If you are feeling overwhelmed by the brutality of severe cold weather, imagine what trees are experiencing as they are exposed 24/7 to the elements. They may be dormant in the winter months, but trees still feel the stress caused by the harsh cold.

There is no hot chicken soup nor warm layers of thermals and woollies for them, but there are still certain measures you can take to help them make it through the worst of the weather – and extend their survival by several years in the process:

# 1: Mulching

Starting in late fall or early winter, add a thin layer of organic mulch under the tree’s drip line. Make sure the layer is not more than two inches. Mulch helps insulate soil and tree roots and slows down water loss. Remember not to place mulch directly against the trunk.

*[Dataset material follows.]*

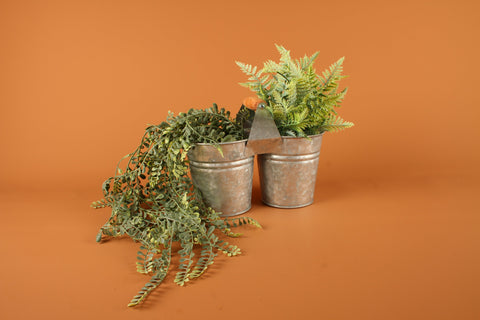 Loke Antiqued Silver 2 Planter With Handle 26 x 13cm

Mulching should be done when the ground starts to freeze or else you could end up with the tricky problem of getting rid of rodents who find it a perfect spot to spend their winters.

# 2: Watering

It would be wrong to assume trees only need to be watered in hot weather. They should be watered up until the ground freezes. This is especially the case for newly-planted trees which need extra care. Before freezing temperatures set in, you must remove irrigation bags around the trunk. At the slightest sign of a thaw, you need to water your trees to keep them hydrated and replenished.

# 3: Wrapping

Protect your trees from sunscald. The sun in winter thaws out tree trunks, while at night, the cold air can freeze them. This leads to cracks in the trunk. To prevent this, use crepe paper tree wrap, and, working from the bottom of the tree upward, wrap the tree trunk. Once you reach the lower branches, STOP! The wrap can stay there until spring. Another way for you to beat sunscald is by painting the tree white. (An interesting factoid: trees planted to the west or south of buildings are more vulnerable to sunscald.)

# 4: Pest Control

You may have noticed how your pet dog likes to chew up furniture. Similarly, pesky rodents love chewing the outer and inner bark of trees. This exposes the inner wood of the trunk, making your tree even more vulnerable to the harsh weather.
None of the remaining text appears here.